● **Your task**
Every entry below should be printed exactly, without its images.

* * *

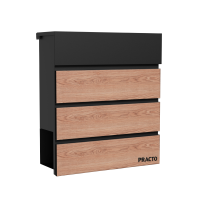 Practo Garden brievenbus   Cannes   mat zwart met houtlook   41x37x13cm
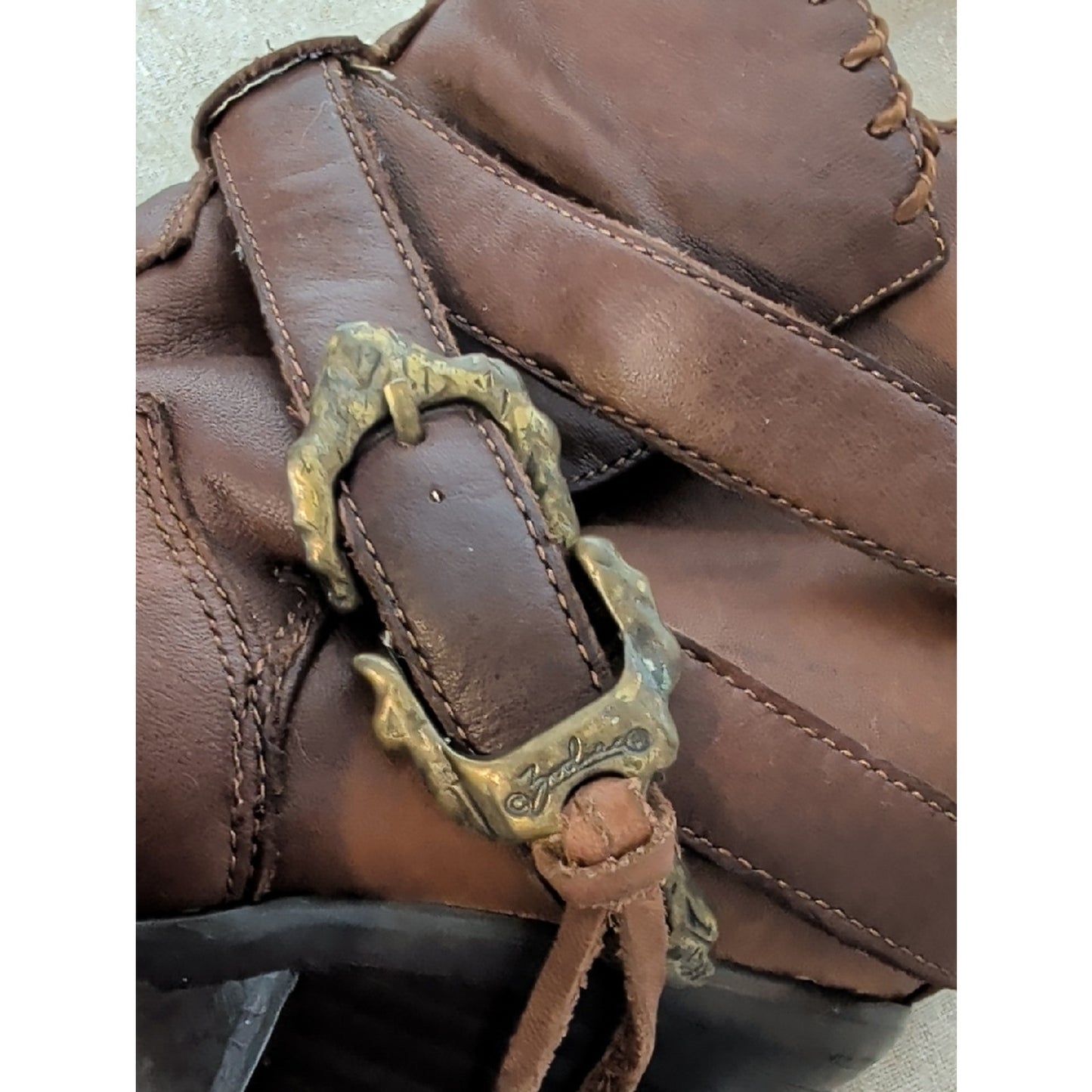 Woodland Fairy Festival Boots Y2K Leather Ankle Boots Size 6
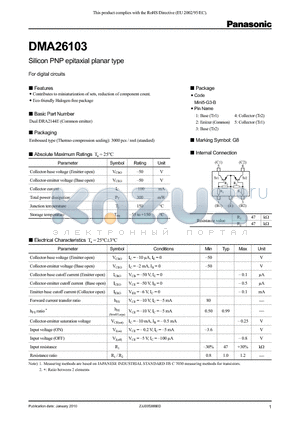 DMA26103 datasheet - Silicon PNP epitaxial planar type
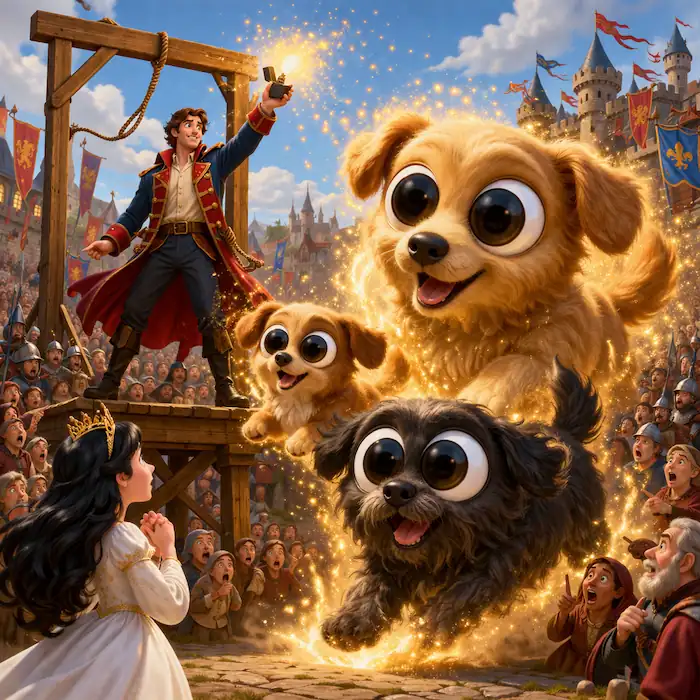 The soldier raises the tinderbox at the gallows as the three magical dogs burst into the crowd and the princess watches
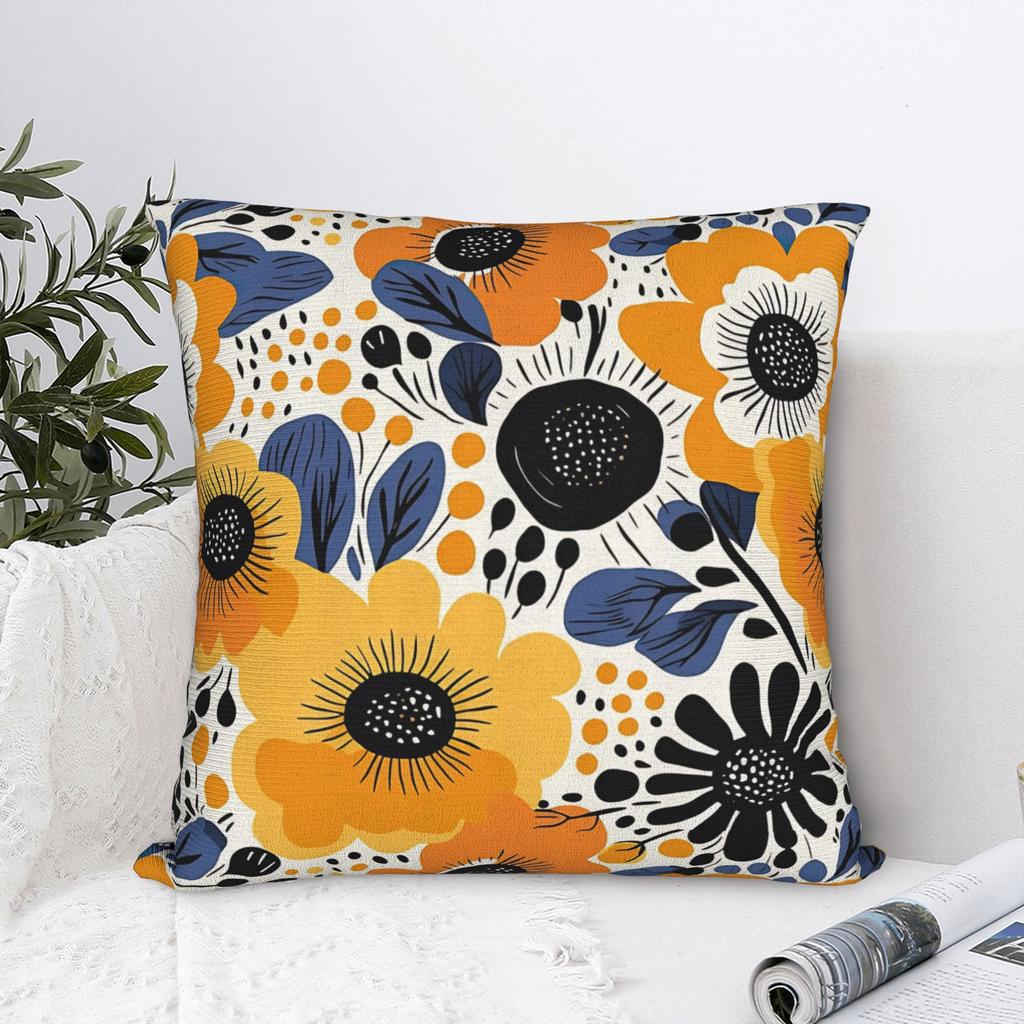 Pillow Case Colorful Floral Blue Orange Comfy Pillow Cover For Wedding Party Home Decor Morden Pillowcases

* * *

● **Task answer**
 Practo Garden brievenbus   Cannes   mat zwart met houtlook   41x37x13cm
 Woodland Fairy Festival Boots Y2K Leather Ankle Boots Size 6
 DMA26103 datasheet - Silicon PNP epitaxial planar type
 The soldier raises the tinderbox at the gallows as the three magical dogs burst into the crowd and the princess watches
 Pillow Case Colorful Floral Blue Orange Comfy Pillow Cover For Wedding Party Home Decor Morden Pillowcases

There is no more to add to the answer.